The idea is to sync changes in the text to a tree structure, then have all the structure manipulation functions built on top of it. See the gif here for a visual representation: https://github.com/nvim-treesitter/playground
I like the fact of make people's lives easier. It's a universal solution which may be used in many editors: can't argue against reuse.
But is it perfect? I don't think so. Whatever is responsible for structural analysis should also be responsible for editing and all the extension capabilities, if you are to have a truly powerful system.
For me, the real problem lies in the integration with the client environment. Tree-sitter is fundamentally separate from the client application. That places questions on the introspection capabilities.
I mean, suppose your comment has structure. Suppose it's a markdown document, that comment in your code. And suppose you want to edit it that way: as a markdown document (or anything more complex). So you may want a markdown parser for that. Suppose you can write that parser in tree-sitter. Suppose you can even do structural-embedding. But how are you going to control and customize it? How are you going to write complex interaction policies between different structures? Embedding is where such seperation starts running into limits.
Why does this happen? I believe it's simple: APIs aren't enough. What you want is for the user to have access to the building blocks of whatever is being manipulated. And, so, keeping those blocks away from the user is never going to be that.
What's more, tree-sitter is still not really structural. That means it can't handle ambiguity well. For instance, in a lisp expression, you can insert a stray parenthesis. Paredit or a tree-sitter solution is going to tell you that your structure is malformed. A truly powerful structural editor is going to simply assume that parenthesis doesn't disrupt the structure around it, and so, it will simple keep track of it, and maybe it will find a match within the same expression at some later point in time.
Yes: a structural lisp editor doesn't have to care about a stray parenthesis. It just keeps keeping everything around it intact. It's a local ambiguity.
And, at last, the very important idea of structural editing is not even editing: it's the ability to treat structures as objects. It's the ability to present objects using a textual interface. Suppose you have a table structure, multiple layers of it. You need direct access to all that.
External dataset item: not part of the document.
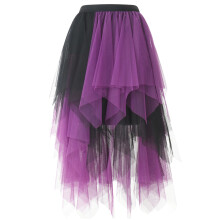 Layered Ruffle Mesh Tulle Long Skirt Flared A Line-black pu XL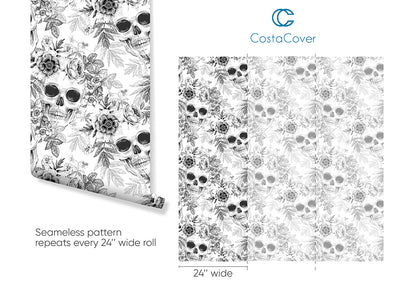 Black and White Skulls Flowers Self Adhesive Wallpaper CC256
Editing it should be easy, but it's really secondary.
Tree sitter doesn't deal with this.
I still see tree-sitter as useful, because you still need to deal with all the plain-text files out there. Perhaps, it could be used to import plain-text into a structural-editor representation, and then it may be, again, used on small subexpressions to identify their nature, incrementally, at runtime (but not the whole document, like what a usual incremental parser would do). So, that's the value of it as a parsing tool.
So, yeah, it's a useful tool, but when it comes to some advanced points of power-use and extension, it's not really enough.
Thanks for the question, it's thought provoking in many ways.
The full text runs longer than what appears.